Selama satu pekan mereka mengikuti workshop untuk mendalami berbagai isu krisis iklim mulai dari akar masalah, peran seni dan budaya sampai merumuskan langkah kolaboratif untuk mendorong perubahan yang nyata.
Gitaris Reality Club, Faiz, menuturkan jika mengikuti lokakarya IKLIM dapat memantik refleksi secara personal untuk peka dalam isu iklim dan lingkungan.

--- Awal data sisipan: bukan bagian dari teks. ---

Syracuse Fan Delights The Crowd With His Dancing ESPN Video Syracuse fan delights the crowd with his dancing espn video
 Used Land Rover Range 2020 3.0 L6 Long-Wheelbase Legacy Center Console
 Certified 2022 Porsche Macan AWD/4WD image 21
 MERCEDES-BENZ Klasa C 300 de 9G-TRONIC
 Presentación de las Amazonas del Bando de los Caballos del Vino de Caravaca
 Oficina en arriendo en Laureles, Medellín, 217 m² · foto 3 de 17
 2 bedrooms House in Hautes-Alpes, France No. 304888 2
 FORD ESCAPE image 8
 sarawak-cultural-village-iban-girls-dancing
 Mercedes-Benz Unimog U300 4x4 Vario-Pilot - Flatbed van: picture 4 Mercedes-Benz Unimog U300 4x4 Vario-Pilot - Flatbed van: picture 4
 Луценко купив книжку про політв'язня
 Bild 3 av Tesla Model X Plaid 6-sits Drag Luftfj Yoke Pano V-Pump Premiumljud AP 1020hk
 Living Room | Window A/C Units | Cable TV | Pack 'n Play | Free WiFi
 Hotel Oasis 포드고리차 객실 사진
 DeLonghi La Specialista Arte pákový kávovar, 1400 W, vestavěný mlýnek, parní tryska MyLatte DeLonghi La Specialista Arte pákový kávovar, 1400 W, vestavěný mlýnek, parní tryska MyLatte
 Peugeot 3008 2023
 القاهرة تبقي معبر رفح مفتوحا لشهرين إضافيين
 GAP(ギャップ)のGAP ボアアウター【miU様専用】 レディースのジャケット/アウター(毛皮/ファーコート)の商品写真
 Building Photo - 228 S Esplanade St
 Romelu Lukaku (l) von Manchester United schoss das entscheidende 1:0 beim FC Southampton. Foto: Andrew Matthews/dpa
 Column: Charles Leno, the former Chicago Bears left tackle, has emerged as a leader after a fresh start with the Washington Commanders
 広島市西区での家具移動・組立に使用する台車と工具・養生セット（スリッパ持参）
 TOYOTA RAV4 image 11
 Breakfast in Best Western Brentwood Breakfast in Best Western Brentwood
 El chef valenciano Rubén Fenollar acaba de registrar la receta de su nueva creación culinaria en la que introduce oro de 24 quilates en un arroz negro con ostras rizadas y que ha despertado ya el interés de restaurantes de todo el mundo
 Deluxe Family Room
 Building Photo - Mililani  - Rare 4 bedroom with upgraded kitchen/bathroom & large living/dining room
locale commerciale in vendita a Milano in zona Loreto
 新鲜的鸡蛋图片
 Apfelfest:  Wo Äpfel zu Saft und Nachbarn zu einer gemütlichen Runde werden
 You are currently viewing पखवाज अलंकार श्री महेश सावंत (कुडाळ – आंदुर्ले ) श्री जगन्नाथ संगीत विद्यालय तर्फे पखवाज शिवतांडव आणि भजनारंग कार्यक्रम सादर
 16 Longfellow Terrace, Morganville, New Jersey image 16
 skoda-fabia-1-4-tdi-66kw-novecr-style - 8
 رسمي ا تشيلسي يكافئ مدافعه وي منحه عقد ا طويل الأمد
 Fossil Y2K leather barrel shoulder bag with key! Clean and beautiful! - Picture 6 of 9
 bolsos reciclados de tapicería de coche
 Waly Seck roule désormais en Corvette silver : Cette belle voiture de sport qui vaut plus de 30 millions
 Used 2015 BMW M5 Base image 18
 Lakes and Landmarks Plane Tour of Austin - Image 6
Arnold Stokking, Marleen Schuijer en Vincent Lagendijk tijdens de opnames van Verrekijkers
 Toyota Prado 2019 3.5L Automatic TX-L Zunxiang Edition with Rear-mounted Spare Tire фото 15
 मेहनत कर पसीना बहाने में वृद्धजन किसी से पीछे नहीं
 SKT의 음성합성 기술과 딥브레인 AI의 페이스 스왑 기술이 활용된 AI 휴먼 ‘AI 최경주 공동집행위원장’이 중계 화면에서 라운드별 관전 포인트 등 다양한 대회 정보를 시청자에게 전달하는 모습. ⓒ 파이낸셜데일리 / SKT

Ia merasa terdorong untuk mulai melakukan perubahan dalam kehidupan sehari-hari secara perlahan tapi konsisten.
“Saya juga ingin membagikan kesadaran ini ke orang-orang di sekitar saya, seperti fans, teman, dan keluarga, karena penting untuk saling mengingatkan soal peran kita dalam menjaga lingkungan,” ujar Faiz saat ditemui di Studio Antida Music, Denpasar, Jumat (27/6/2025).
Selain itu, personel band Sukatani, Cipoy, menyampaikan jika krisis iklim bukan hanya berdampak pada ekonomi dan ekosistem. Tetapi, juga berdampak pada manusia, sosial, dan budaya.
“Kami pun ikut terdampak. Oleh karena itu, penting bagi kami untuk turut merespons isu ini, karena pada akhirnya, perubahan iklim juga memengaruhi kami secara langsung, baik sebagai individu maupun sebagai seniman,” ujar Cipoy.
Kemudian, penyanyi solo Kunto Aji menuturkan isu iklim memiliki resonansi yang kuat secara personal. Pasalnya, udara tempat tinggalnya di Tangerang Selatan berdampak pada kedua anaknya yang masih kecil.
“Udara itu kan gratis, tapi kenapa kita nggak bisa menikmatinya dengan baik? Kita tahu penyebab dan solusinya, tapi tidak ada tindakan nyata. Di situlah saya merasa perlu bertanya sebagai musisi, apa yang bisa saya lakukan?,” ungkap Kunto Aji.
Setelah lokakarya berakhir, para musisi akan mengimplementasikan pengalaman dan refleksi mereka selama lokakarya ke dalam karya musik baru.
Lagu-lagu ini akan dihimpun dalam sebuah album kompilasi yang direncanakan rilis pada akhir 2025, sebagai bagian dari kampanye ‘No Music On A Dead Planet’ atau Tak Ada Musik di Planet yang Mati yang diinisiasi oleh Music Declares Emergency.
Gerakan global ini juga didukung oleh sejumlah musisi dunia seperti Billie Eilish, Massive Attack, dan Tame Impala, yang sama-sama meyakini bahwa musik memiliki kekuatan untuk menyuarakan urgensi krisis iklim dengan cara yang kreatif, inklusif, dan menggugah.